Chopper: partitioning models into 3D-printable parts

  • Authors:
  • Linjie Luo;Ilya Baran;Szymon Rusinkiewicz;Wojciech Matusik

  • Affiliations:
  • Princeton University and Disney Research Boston;Disney Research Zurich;Princeton University;MIT CSAIL

  • Venue:
  • ACM Transactions on Graphics (TOG) - Proceedings of ACM SIGGRAPH Asia 2012
  • Year:
  • 2012

Quantified Score

Hi-index 0.00

Visualization

Abstract

3D printing technology is rapidly maturing and becoming ubiquitous.

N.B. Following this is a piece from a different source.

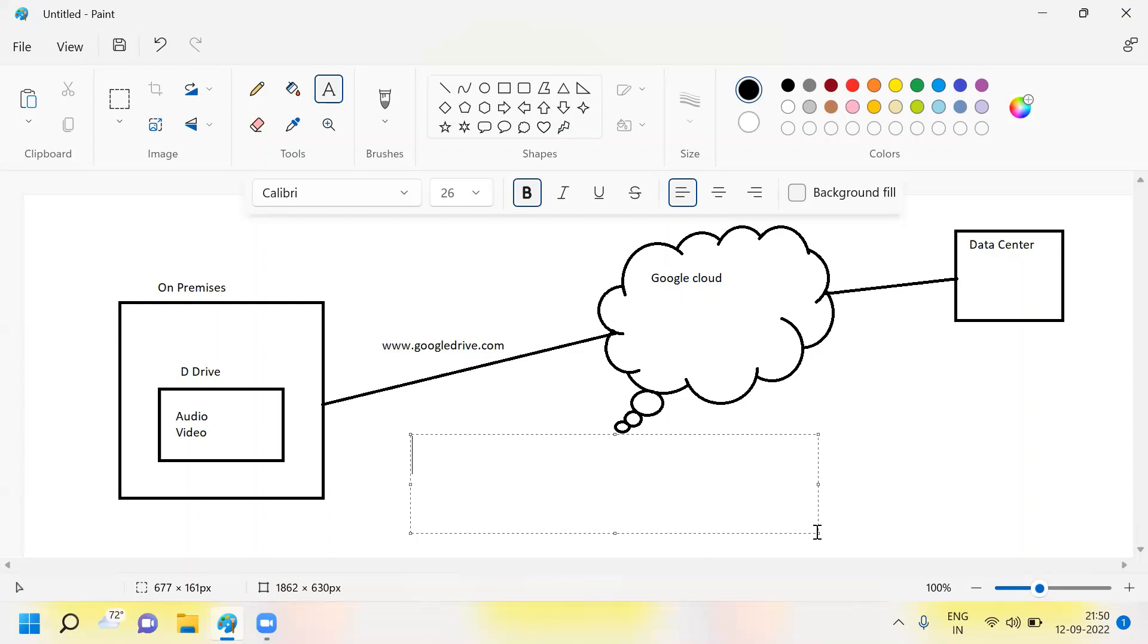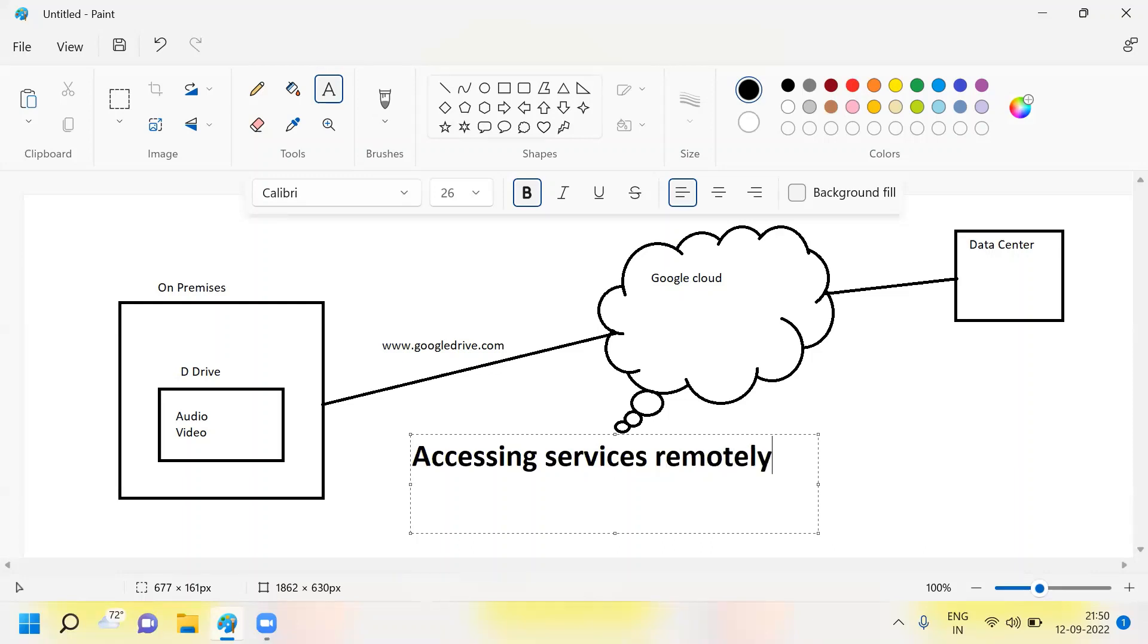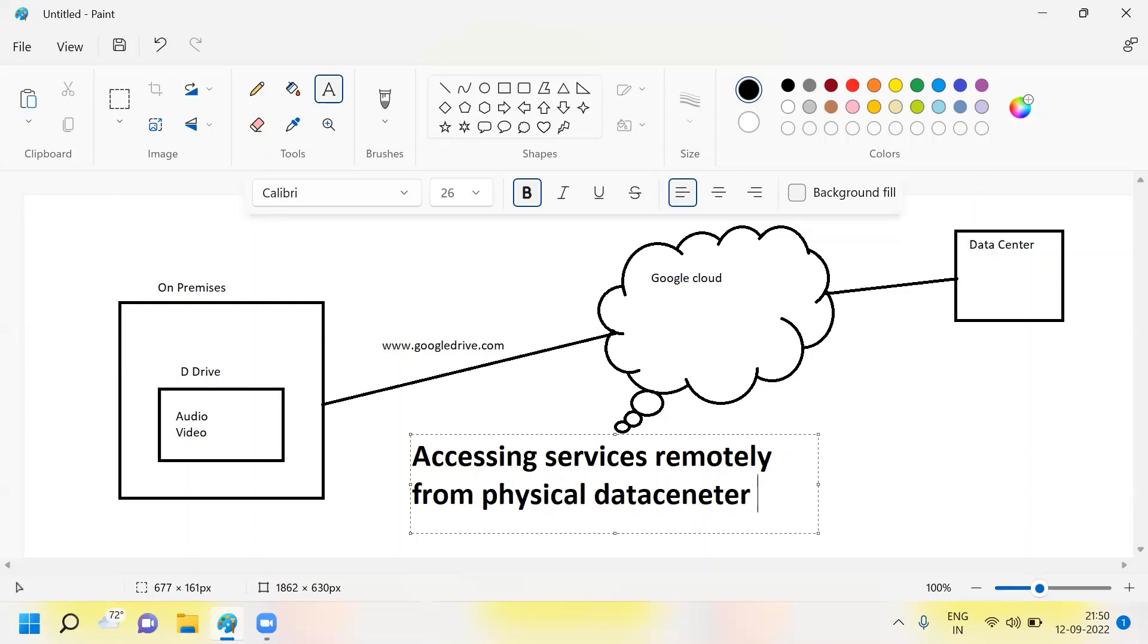You can store your data. So the answer what you need to give for the interviewer is accessing the services remotely from a physical data center over the internet. It's called cloud computing.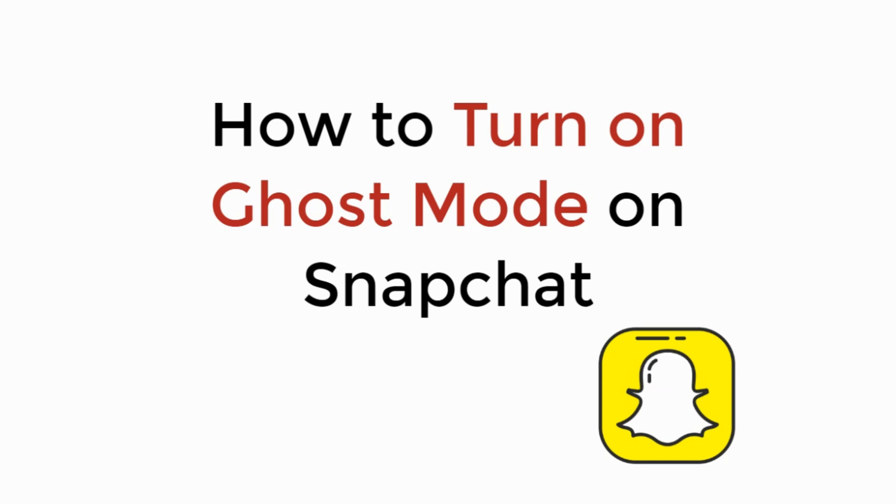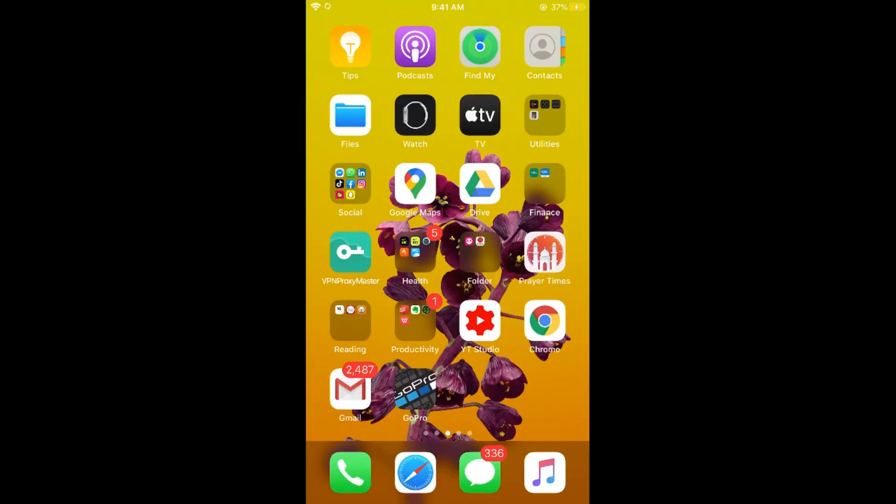In this video, we will learn how to turn on ghost mode on Snapchat, so let's begin. The process is the same for Android as well as iOS devices, so you don't need to worry if you are on Android.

One of the remaining obstacles to wide-scale adoption is that the object to be printed must fit into the working volume of the 3D printer. We propose a framework, called Chopper, to decompose a large 3D object into smaller parts so that each part fits into the printing volume. These parts can then be assembled to form the original object. We formulate a number of desirable criteria for the partition, including assemblability, having few components, unobtrusiveness of the seams, and structural soundness. Chopper optimizes these criteria and generates a partition either automatically or with user guidance. Our prototype outputs the final decomposed parts with customized connectors on the interfaces. We demonstrate the effectiveness of Chopper on a variety of non-trivial real-world objects.